In 1856, Burton crossed paths with renowned toolmaker (and soon-to-be-gunsmith) Joseph Whitworth. Cut with hexagonal rifling, Whitworth believed his new design would create a rifle that was superior to any other currently on the market, especially at long distances. Burton attended trials for the Whitworth rifle and was thoroughly unimpressed. Nonetheless, the Whitworth rifle would become a prized possession by Confederate sharpshooters in just a few years.
Things were going well for Burton at Enfield until October 1859, when he and his wife Eugenia received a letter from her parents, George and Mary, regarding John Brown’s Raid.
Joseph R. Anderson, owner of the Tredegar Iron Works in Richmond, Virginia, tapped Burton to oversee his contract to resupply and reactivate the Virginia Manufactory of Arms. (It would be renamed the Richmond Armory in 1861.) Burton agreed, and he returned to Virginia in the fall of 1860.
Immediately after Virginia seceded in April 1861, Harpers Ferry was set ablaze by Federal soldiers to keep the arms and machinery out of the hands of the South. The arsenal, along with 15,000 weapons, was a total loss. Flames in the armory, however, were brought under control and the machinery contained within survived.
In June 1861, Burton became Superintendent of the Richmond Armory, where he oversaw the manufacture of arms on tooling and machinery confiscated by Confederates at Harpers Ferry. As it turns out, the machinery was absconded with under the direction of Burton himself.
As 1861 drew to a close, Superintendent Burton became Lieutenant Colonel Burton, and he took command of production at all of the Confederate armories. By summer 1862, Burton left Virginia and headed for Georgia, where he had been instructed to establish a new armory. With land prices on the rise, he chose Macon over Atlanta.

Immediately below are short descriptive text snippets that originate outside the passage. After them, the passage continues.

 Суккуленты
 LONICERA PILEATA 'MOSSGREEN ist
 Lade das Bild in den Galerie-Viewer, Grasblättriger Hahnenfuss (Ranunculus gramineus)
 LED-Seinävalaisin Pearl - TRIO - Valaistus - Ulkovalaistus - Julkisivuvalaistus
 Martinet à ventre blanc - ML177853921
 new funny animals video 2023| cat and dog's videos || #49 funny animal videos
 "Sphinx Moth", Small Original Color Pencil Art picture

A year later, Lt. Col. Burton sailed to England, hoping to obtain new equipment to complete the armory in Macon. It took almost a year after Burton returned to Georgia for the machinery he so desperately needed to be shipped from England. The material finally arrived in Bermuda near the end of 1864. The machinery sat in Bermuda for months, waiting for the right opportunity to be smuggled through the Union blockade.

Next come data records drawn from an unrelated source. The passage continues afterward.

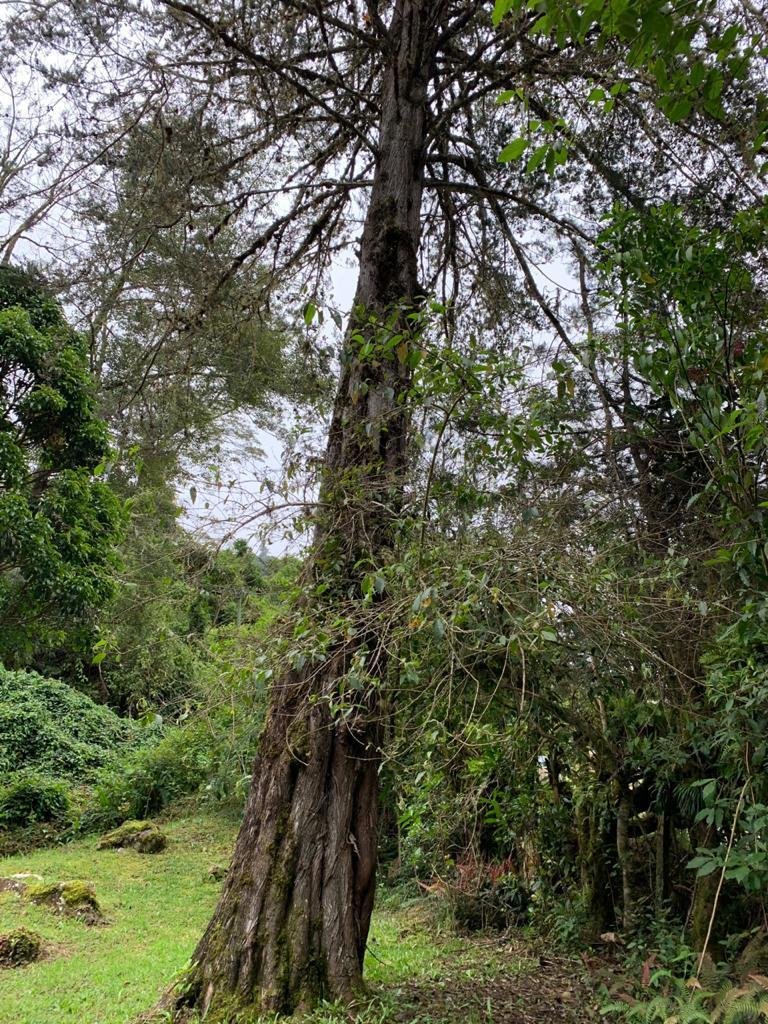 House in San Gerardo de Dota, San José Province, Costa Rica 4 - 18121247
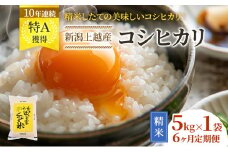 令和7年産 先行予約 新潟 コシヒカリ 定期便 新米 【6ヶ月連続お届け】5kg×6回 30kg 6か月 上越市 米 新潟県 こしひかり おすすめ 限定
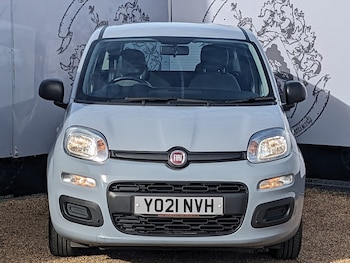 Used Fiat Panda 2021 for sale - 76263793: Photo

Then, on April 9, 1865, General Robert E. Lee surrendered to General Ulysses S. Grant at Appomattox Court House. With that, the Civil War was over.
Burton was held prisoner until October 1865, when he signed the Oath of Allegiance and received a pardon by President Andrew Johnson.
The next eight years were busy ones: Burton went back to England to run a new armory until 1868 when he moved back to Virginia. Then, in 1871, he headed to England again to work on an arms contract between Britain and Russia. Finally, he came back to the United States in 1873 and settled near Winchester, Virginia. Here, Burton spent the rest of his days farming until his death in 1894. He is buried in Winchester’s Mount Hebron Cemetery.